**Directions**
Return each line below exactly as it reads, and omit any image in it.

**Available data**

################

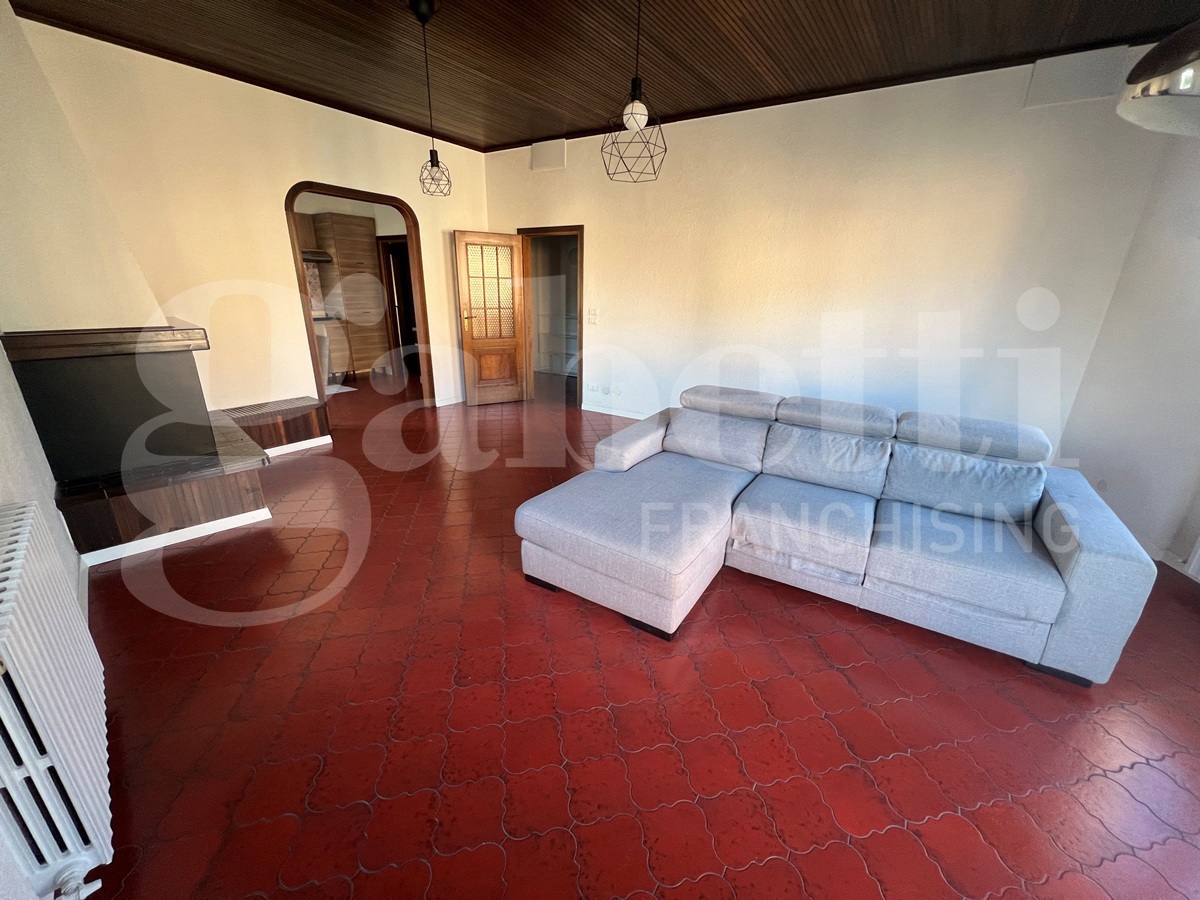 Quadrilocale in vendita a Brescia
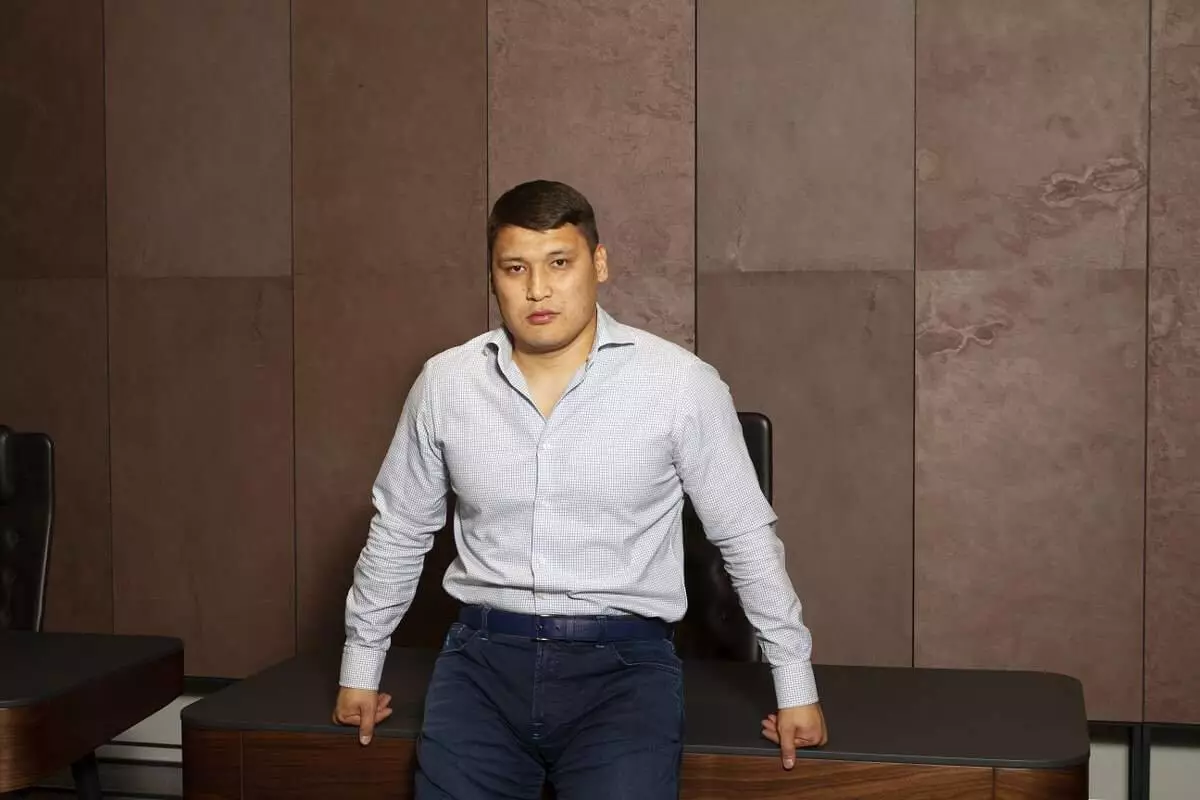 Оққа ұшқан Руслан Берденовке жасалған қастандық себебіне қатысты бір нұсқа жоққа шығарылды
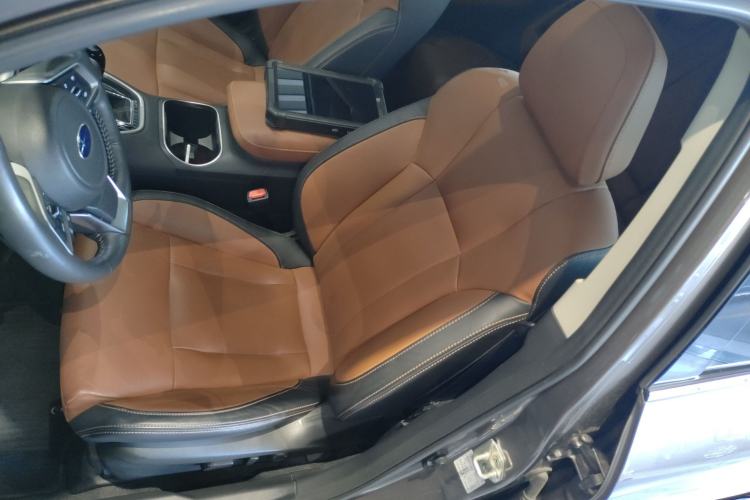 Used Subaru Outback 2021 2.5i Flagship Edition EyeSight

################

**Output for this exercise**
 Quadrilocale in vendita a Brescia
 Оққа ұшқан Руслан Берденовке жасалған қастандық себебіне қатысты бір нұсқа жоққа шығарылды
 Used Subaru Outback 2021 2.5i Flagship Edition EyeSight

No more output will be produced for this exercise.